Ukrainian soldiers duringa training exercise with US soldiers in 2019 to improve cooperation with Nato
Rumours of war over Ukraine abound. They started with the pro-Western Ukrainian government, which pointed to the build-up of 175,000 Russian troops on its border.
But then the US said Russia could be planning to invade Ukraine “as soon as early 2022”. The foreign ministers of the G7 leading Western economies warned, “Russia should be in no doubt that further military aggression against Ukraine would have massive consequences and severe cost in response.”

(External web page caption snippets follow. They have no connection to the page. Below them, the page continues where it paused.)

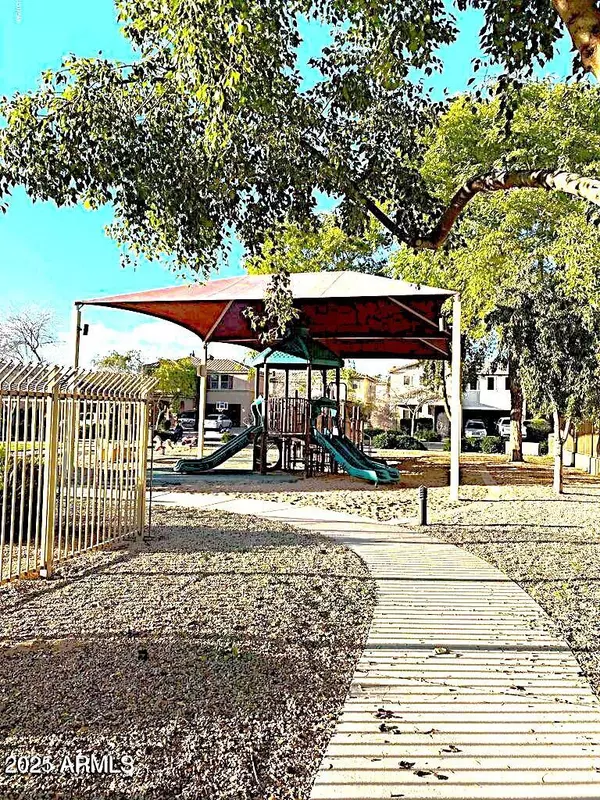 Queen Creek, AZ 85142,21183 E AVENIDA DEL VALLE --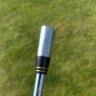 Ruf. Omn. Rex 的头像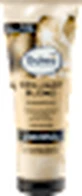 Balea PROFESSIONAL Brilliant Blonde Shampoo, 250 ml
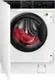 Стиральная машина встраиваемая AEG L8FBE48SCI — фото 7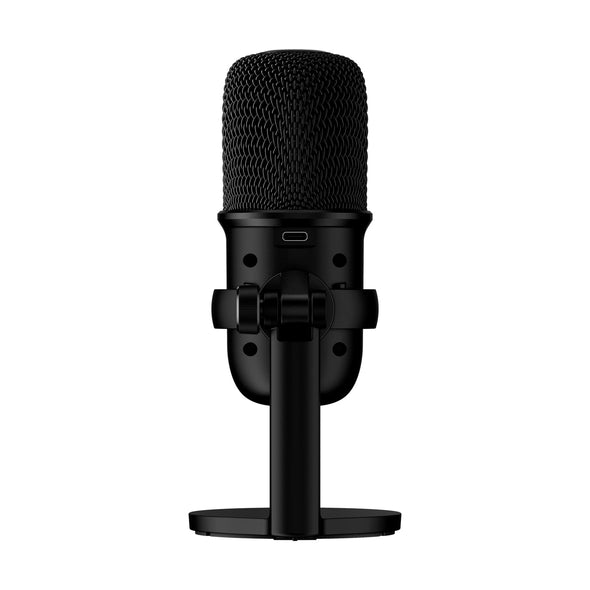 SoloCast - USB Microphone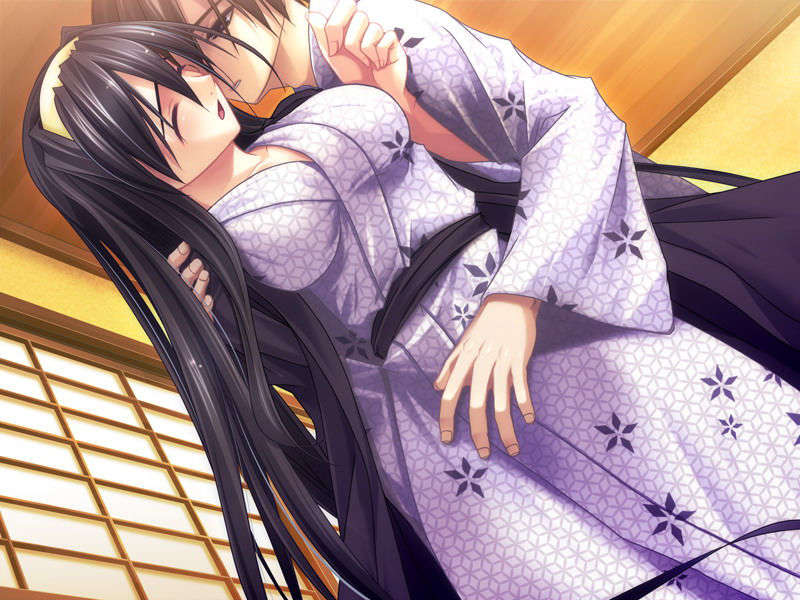 [070427][bootUP!]あねいも2～Second Stage～ 654/1250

Almost certainly Russian president Vladimir Putin doesn’t want a full-scale war. Although he has been backing low‑intensity warfare by pro-Russian elements in southeastern Ukraine since 2014.
He is using the military build-up to extract diplomatic concessions from the US. Above all he wants a promise that Ukraine will not be allowed to join the Nato military alliance.
This issue goes back to the end of the Cold War in 1990-1.
Mikhail Gorbachev, the last Soviet president, agreed that reunified Germany could belong to Nato. US secretary of state James Baker promised in return, “There would be no extension of Nato’s jurisdiction eastwards.”
This pledge was broken rapidly by US president Bill Clinton in the 1990s. The European Union (EU) and Nato were expanded in tandem to incorporate the former Soviet client states and provinces of Central and Eastern Europe.
This policy marked the US’s hubris in the aftermath of the Cold War. Under article 5 of the North Atlantic Treaty, Nato member states are committed to defending each other from attack.
Would the US and the leading capitalist states of western Europe really go to war with Russia over, say, Latvia? Clinton was prepared to take this risk because Russia under Boris Yeltsin looked like a pushover. But when Putin took over from Yeltsin in 1999 he used booming energy revenues to rebuild Russia’s military capabilities.
In April 2008 US president George W Bush encouraged a Nato summit to declare that Ukraine and Georgia would join. This would bring the US-dominated alliance to Russia’s borders. Putin responded with a brutal four-day war with Georgia in August 2008.
France and Germany had already vetoed Ukraine’s and Georgia’s membership and they blocked any retaliatory action against Russia. But Putin’s seizure of Crimea in 2014 marked a deeper polarisation between Russian and Western imperialism.
The US and EU have imposed a series of sanctions packages on Russia. The Ukrainian government is lobbying hard for military aid and Nato membership.
The problem is partly that both the US and its European allies find it hard to acknowledge the legitimacy of Russia’s concerns. They remain wedded to the liberal internationalist ideology that expressed the West’s triumph in the Cold War.
According to this ideology, liberal capitalism binds states together economically and creates such strong common interests that war becomes unthinkable. From this point of view, Putin can be dismissed as an “authoritarian” hangover.
A small problem with this perspective is what the US denounces as “authoritarianism” rules in the most successful manufacturing and exporting economy in the world, China. It also has a growing grip on eastern EU member states.
And Putin’s admirer Donald Trump occupied the White House till January, and still enjoys massive popularity.
The truth is that liberal capitalism has failed economically, as we have seen in the years since the global financial crisis exploded in 2007.
Moreover, there are plenty of serious conflicts of interest among Western states. Look at the rows between Britain and France and the close links Germany still cultivates with Russia.
Western capitals arrogantly refuse to recognise this reality, but they can’t escape it.